REQUIRED WORK: A verbatim transcript of the lines below, starting at the first and ending with the one that holds "WWE-18年-SD第980", is what should be produced.

Stored records:
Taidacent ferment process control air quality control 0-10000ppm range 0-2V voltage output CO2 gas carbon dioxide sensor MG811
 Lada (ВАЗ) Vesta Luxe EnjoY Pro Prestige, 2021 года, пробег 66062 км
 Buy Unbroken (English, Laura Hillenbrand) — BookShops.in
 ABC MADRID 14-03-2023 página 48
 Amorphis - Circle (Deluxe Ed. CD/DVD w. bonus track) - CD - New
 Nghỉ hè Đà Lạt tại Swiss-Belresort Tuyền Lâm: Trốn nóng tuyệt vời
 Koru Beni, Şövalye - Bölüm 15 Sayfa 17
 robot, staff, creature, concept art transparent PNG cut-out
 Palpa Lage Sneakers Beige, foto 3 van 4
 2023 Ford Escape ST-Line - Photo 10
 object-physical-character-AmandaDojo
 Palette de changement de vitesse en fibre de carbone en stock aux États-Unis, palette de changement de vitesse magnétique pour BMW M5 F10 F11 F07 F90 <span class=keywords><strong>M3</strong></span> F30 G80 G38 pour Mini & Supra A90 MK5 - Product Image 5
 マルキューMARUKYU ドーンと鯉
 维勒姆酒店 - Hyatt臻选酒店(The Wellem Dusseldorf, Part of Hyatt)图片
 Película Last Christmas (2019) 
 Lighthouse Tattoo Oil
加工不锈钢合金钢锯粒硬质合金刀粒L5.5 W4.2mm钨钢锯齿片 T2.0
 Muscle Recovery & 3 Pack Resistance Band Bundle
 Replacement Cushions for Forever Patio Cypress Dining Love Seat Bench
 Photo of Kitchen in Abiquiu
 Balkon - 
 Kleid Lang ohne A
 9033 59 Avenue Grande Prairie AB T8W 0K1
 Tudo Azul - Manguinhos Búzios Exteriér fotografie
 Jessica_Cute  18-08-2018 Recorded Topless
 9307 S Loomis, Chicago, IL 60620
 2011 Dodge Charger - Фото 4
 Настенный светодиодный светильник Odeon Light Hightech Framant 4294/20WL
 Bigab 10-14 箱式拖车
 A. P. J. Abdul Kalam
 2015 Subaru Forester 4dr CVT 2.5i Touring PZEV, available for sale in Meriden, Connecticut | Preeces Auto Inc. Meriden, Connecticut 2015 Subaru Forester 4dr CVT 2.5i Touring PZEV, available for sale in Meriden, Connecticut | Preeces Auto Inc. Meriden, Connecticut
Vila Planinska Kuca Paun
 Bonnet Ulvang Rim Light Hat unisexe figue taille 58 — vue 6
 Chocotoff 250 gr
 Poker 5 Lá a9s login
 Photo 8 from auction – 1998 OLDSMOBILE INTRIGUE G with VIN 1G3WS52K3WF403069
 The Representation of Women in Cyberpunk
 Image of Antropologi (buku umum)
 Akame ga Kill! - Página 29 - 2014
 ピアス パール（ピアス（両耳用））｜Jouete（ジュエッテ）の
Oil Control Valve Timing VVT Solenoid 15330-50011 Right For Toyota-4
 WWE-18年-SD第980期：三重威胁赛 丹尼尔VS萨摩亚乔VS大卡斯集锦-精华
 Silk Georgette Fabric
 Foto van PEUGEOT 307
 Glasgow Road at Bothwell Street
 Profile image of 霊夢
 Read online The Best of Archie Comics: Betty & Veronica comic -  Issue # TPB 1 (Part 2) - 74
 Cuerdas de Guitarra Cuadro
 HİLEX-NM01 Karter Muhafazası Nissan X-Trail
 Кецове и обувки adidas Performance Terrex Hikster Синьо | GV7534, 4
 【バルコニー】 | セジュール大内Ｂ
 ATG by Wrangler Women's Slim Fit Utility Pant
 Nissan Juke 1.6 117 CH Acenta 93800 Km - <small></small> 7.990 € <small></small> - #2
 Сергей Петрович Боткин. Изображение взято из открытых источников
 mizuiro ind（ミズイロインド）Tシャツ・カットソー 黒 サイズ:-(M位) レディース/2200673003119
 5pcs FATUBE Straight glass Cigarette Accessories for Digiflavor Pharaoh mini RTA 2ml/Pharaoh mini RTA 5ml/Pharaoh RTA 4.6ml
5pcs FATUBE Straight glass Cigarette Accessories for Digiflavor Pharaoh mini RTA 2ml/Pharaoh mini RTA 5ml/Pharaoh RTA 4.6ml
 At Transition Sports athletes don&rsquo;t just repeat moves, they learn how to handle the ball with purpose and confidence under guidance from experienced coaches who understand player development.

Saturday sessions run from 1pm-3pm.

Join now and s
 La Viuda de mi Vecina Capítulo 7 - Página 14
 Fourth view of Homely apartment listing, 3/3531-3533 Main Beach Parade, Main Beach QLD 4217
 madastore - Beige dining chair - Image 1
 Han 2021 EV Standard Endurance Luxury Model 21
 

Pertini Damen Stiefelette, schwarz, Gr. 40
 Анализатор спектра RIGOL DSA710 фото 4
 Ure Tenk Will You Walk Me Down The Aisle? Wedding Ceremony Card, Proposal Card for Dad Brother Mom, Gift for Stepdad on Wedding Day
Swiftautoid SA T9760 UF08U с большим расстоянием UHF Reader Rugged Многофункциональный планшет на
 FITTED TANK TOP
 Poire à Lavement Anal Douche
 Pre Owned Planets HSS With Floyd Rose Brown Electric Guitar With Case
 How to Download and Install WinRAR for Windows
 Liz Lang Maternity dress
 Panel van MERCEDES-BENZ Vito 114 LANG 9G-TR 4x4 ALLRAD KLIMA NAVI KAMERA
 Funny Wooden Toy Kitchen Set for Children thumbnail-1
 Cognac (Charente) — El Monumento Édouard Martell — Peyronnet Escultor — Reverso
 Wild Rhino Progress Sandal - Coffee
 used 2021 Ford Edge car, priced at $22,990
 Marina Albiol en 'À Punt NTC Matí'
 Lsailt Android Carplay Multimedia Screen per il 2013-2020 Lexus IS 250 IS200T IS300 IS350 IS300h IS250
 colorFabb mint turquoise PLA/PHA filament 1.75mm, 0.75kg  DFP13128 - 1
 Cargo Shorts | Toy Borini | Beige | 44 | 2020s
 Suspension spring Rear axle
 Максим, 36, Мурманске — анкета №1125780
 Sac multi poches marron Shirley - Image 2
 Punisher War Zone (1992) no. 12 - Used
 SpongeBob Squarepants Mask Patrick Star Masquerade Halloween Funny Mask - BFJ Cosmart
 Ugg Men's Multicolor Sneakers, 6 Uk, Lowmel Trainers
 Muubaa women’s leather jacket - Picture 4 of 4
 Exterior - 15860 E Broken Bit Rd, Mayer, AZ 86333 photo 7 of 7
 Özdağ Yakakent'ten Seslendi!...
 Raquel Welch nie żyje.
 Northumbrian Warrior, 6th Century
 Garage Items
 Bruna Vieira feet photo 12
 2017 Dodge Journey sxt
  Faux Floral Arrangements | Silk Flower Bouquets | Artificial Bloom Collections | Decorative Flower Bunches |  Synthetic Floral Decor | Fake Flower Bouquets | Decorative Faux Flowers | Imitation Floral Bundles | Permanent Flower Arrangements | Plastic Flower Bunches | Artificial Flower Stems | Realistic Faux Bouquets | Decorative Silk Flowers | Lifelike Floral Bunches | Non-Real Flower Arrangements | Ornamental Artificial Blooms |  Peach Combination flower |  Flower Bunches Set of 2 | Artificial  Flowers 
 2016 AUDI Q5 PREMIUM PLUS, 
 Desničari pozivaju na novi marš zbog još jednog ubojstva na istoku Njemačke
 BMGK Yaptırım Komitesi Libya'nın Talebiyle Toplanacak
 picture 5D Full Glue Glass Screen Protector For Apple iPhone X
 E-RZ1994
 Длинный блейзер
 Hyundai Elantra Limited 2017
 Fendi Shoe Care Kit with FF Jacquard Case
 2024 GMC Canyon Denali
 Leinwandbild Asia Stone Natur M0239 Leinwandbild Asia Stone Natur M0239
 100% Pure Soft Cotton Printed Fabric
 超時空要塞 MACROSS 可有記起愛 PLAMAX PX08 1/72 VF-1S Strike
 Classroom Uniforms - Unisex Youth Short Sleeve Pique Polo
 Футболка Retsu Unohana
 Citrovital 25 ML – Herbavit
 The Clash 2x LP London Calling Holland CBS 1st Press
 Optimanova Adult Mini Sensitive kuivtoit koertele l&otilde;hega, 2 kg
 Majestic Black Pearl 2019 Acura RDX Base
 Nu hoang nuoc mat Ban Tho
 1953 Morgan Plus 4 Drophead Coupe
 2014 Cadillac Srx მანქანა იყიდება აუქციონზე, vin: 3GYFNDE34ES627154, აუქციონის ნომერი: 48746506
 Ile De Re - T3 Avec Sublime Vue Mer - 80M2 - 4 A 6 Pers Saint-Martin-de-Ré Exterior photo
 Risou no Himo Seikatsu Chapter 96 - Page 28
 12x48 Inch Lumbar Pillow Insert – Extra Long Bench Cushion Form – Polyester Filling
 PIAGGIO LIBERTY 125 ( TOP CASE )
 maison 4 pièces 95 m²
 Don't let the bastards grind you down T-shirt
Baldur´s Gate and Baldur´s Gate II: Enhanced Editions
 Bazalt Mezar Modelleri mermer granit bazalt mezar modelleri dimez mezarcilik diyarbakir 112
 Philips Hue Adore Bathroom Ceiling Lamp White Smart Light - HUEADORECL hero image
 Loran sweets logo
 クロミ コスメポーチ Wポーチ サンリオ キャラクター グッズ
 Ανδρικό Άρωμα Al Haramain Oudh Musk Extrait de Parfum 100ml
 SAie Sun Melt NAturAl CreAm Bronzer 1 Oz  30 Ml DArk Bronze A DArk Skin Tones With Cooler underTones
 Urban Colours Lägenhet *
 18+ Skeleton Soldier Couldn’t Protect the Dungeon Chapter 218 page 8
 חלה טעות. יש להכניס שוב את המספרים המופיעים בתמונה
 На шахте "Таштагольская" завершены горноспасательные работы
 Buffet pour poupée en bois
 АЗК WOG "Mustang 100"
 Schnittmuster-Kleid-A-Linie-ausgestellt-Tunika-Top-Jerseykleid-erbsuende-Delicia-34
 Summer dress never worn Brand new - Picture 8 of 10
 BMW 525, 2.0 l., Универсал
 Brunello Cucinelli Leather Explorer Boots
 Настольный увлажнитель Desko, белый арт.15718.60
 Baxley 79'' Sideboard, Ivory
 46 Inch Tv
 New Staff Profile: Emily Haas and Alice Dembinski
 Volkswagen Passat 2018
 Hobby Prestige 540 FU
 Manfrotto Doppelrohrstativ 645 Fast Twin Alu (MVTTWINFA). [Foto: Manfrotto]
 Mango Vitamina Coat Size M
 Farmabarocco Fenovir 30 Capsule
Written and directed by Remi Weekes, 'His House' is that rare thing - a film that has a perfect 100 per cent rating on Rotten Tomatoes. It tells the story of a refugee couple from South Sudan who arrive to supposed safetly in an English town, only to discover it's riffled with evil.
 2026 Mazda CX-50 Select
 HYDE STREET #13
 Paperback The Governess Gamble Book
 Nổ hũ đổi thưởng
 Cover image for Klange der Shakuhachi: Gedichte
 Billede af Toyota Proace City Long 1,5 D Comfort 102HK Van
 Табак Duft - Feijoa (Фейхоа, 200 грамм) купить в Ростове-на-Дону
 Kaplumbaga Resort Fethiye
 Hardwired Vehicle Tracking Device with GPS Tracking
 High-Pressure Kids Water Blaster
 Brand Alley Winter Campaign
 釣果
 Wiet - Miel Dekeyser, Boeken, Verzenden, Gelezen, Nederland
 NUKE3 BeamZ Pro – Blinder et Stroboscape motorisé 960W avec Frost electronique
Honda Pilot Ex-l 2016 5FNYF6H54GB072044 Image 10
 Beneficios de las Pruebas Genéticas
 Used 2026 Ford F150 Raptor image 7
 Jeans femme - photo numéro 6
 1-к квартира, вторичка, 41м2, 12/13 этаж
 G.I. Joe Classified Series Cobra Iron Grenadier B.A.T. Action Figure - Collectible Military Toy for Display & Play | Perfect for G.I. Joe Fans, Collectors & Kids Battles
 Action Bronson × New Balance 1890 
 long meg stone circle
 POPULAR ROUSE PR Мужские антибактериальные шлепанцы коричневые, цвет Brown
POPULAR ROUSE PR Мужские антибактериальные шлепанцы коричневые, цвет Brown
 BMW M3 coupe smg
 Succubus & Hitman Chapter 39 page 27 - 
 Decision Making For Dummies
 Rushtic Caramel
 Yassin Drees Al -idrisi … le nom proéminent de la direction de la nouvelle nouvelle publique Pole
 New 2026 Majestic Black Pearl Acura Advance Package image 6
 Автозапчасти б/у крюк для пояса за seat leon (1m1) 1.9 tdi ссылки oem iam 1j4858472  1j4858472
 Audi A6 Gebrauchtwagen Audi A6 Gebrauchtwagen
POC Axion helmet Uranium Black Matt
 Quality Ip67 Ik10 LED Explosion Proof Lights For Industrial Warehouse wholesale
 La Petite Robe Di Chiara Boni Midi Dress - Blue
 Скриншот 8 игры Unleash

TASK RESPONSE:
Taidacent ferment process control air quality control 0-10000ppm range 0-2V voltage output CO2 gas carbon dioxide sensor MG811
 Lada (ВАЗ) Vesta Luxe EnjoY Pro Prestige, 2021 года, пробег 66062 км
 Buy Unbroken (English, Laura Hillenbrand) — BookShops.in
 ABC MADRID 14-03-2023 página 48
 Amorphis - Circle (Deluxe Ed. CD/DVD w. bonus track) - CD - New
 Nghỉ hè Đà Lạt tại Swiss-Belresort Tuyền Lâm: Trốn nóng tuyệt vời
 Koru Beni, Şövalye - Bölüm 15 Sayfa 17
 robot, staff, creature, concept art transparent PNG cut-out
 Palpa Lage Sneakers Beige, foto 3 van 4
 2023 Ford Escape ST-Line - Photo 10
 object-physical-character-AmandaDojo
 Palette de changement de vitesse en fibre de carbone en stock aux États-Unis, palette de changement de vitesse magnétique pour BMW M5 F10 F11 F07 F90 <span class=keywords><strong>M3</strong></span> F30 G80 G38 pour Mini & Supra A90 MK5 - Product Image 5
 マルキューMARUKYU ドーンと鯉
 维勒姆酒店 - Hyatt臻选酒店(The Wellem Dusseldorf, Part of Hyatt)图片
 Película Last Christmas (2019) 
 Lighthouse Tattoo Oil
加工不锈钢合金钢锯粒硬质合金刀粒L5.5 W4.2mm钨钢锯齿片 T2.0
 Muscle Recovery & 3 Pack Resistance Band Bundle
 Replacement Cushions for Forever Patio Cypress Dining Love Seat Bench
 Photo of Kitchen in Abiquiu
 Balkon - 
 Kleid Lang ohne A
 9033 59 Avenue Grande Prairie AB T8W 0K1
 Tudo Azul - Manguinhos Búzios Exteriér fotografie
 Jessica_Cute  18-08-2018 Recorded Topless
 9307 S Loomis, Chicago, IL 60620
 2011 Dodge Charger - Фото 4
 Настенный светодиодный светильник Odeon Light Hightech Framant 4294/20WL
 Bigab 10-14 箱式拖车
 A. P. J. Abdul Kalam
 2015 Subaru Forester 4dr CVT 2.5i Touring PZEV, available for sale in Meriden, Connecticut | Preeces Auto Inc. Meriden, Connecticut 2015 Subaru Forester 4dr CVT 2.5i Touring PZEV, available for sale in Meriden, Connecticut | Preeces Auto Inc. Meriden, Connecticut
Vila Planinska Kuca Paun
 Bonnet Ulvang Rim Light Hat unisexe figue taille 58 — vue 6
 Chocotoff 250 gr
 Poker 5 Lá a9s login
 Photo 8 from auction – 1998 OLDSMOBILE INTRIGUE G with VIN 1G3WS52K3WF403069
 The Representation of Women in Cyberpunk
 Image of Antropologi (buku umum)
 Akame ga Kill! - Página 29 - 2014
 ピアス パール（ピアス（両耳用））｜Jouete（ジュエッテ）の
Oil Control Valve Timing VVT Solenoid 15330-50011 Right For Toyota-4
 WWE-18年-SD第980期：三重威胁赛 丹尼尔VS萨摩亚乔VS大卡斯集锦-精华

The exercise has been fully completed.